What does this mean for the language industry? The language industry is well known for its complex production processes and there is the ever-present demand to cut costs. Lower priced prediction in the form of AI can optimize and reshape these processes with great effect. So the most efficient application of AI might not be neural machine translation at all, but the redesign of business processes.

This blog post however, is about how to apply AI to the central task of the language business - translation. Where and how should we apply neural machine translation (NMT)?

Machine Translation Post-Editing (MTPE)

If we are planning to use MTPE in a human translation process, the "Prediction Machine" authors suggest a straight-forward approach: we identify where in our processes we translate and imagine how the process would change in the presence of high quality, human-level or near human-level machine translation. Weighting this by language pair difficulty, difficulty of source material and available training data allows us to identify process steps and projects with the highest return-on-investment (ROI) for using MTPE.

Before going all in on NMT we should choose a pilot project from the list of projects promising the highest ROIs.

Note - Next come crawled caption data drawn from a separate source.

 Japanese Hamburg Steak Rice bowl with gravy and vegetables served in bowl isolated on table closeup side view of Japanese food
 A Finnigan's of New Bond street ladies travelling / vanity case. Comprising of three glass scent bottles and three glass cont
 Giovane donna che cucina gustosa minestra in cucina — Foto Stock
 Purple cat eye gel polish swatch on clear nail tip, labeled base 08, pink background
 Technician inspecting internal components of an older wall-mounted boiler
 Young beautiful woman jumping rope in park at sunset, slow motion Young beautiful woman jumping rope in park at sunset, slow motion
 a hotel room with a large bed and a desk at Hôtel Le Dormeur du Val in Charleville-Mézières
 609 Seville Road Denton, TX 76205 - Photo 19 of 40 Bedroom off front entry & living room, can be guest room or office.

We certainly would not want to introduce NMT in the highest risk projects right away. Most important for a pilot is that we maximize learning - we want to gain experience in using, evaluating and integrating MT in a project that is representative of the translation projects the organization is usually working on. Representative in size, source material, language pair(s), style etc. If your organization is working on diverse projects you might want to choose more than one pilot project. Again, maximization of learning is the key goal.

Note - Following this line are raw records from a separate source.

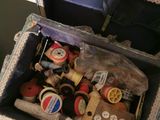a box full of sewing supplies sitting on a table
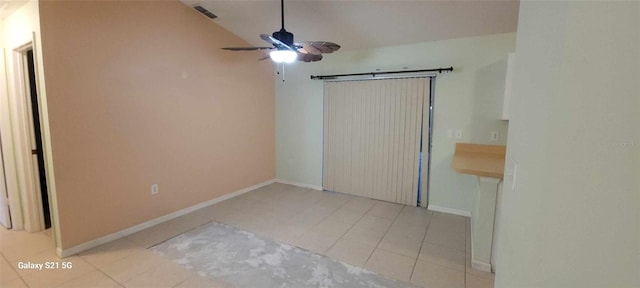 unfurnished room with ceiling fan, lofted ceiling, and light tile patterned flooring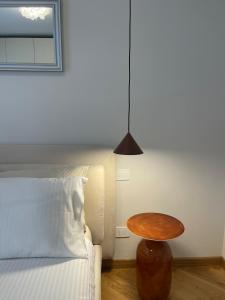 a bedroom with a bed with a table next to it at Modern Apartment Empoli in Empoli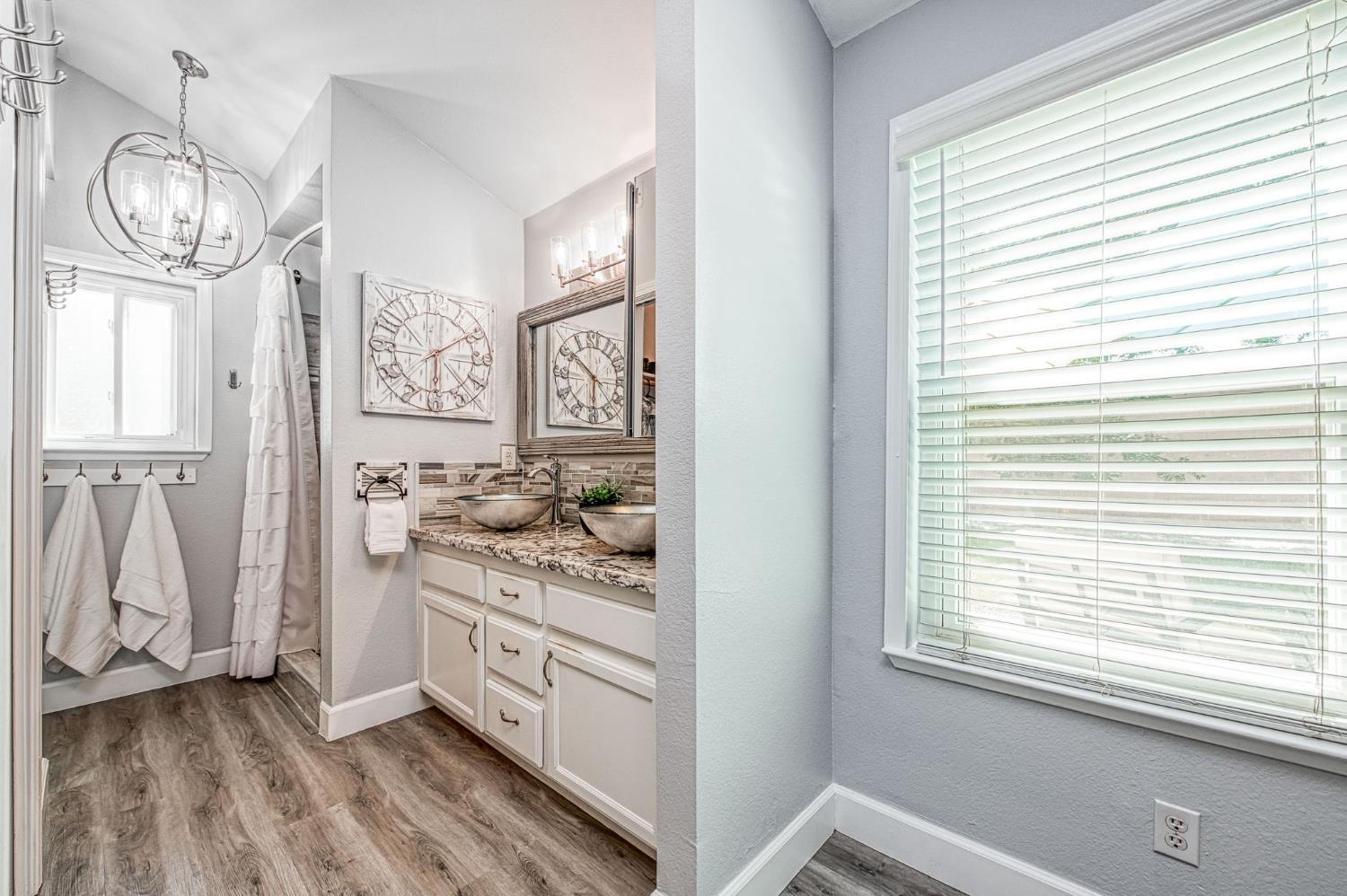 980 North Adler Avenue Clovis, CA 93611 - Photo 26 of 42 a view of a kitchen with wooden floor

Business Opportunities with Raw MT

Conducting an NMT pilot in existing translation processes will give us information how to optimize our processes using this technology, but it won’t allow us to explore new strategic opportunities.

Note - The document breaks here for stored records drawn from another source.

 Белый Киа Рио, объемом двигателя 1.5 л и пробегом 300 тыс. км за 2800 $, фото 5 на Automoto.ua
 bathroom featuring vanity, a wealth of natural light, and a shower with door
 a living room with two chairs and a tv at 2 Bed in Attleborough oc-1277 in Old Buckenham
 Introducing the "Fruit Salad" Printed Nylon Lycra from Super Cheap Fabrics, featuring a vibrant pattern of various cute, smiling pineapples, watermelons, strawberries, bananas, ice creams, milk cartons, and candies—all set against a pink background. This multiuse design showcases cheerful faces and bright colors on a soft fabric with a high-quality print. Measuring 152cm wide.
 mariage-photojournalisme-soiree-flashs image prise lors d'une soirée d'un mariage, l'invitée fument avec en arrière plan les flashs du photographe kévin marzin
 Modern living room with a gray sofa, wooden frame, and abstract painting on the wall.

For this we need to explore process innovation/redesign that is specific to the use case that the translations are used in. This is very specific to industry and context in which the translations are used. Increased accuracy in machine translations can often lead to use of raw machine translations in many scenarios, particularly ones where using human translation was cost-prohibitive. Often this drives additional demand for human translation. Here are a few use cases that can serve as inspiration:
  • Use of raw machine translation for customer support – either in published support content or support conversations with customers
  • Use of raw machine translation for user generated content (e.g. hotel reviews)
  • Use of raw machine for publishing of fast changing content, high demand content can later be post-edited by professional post-editors or the crowd
  • Use of raw machine translations to discover content of interest, e.g. in discovery for law suits. The most relevant documents will translated by professional translators – demand for human translation that only materialized through machine translation
  • Use of raw machine translation in internal communication
  • Use of raw machine translation for cross-border eCommerce (eBay)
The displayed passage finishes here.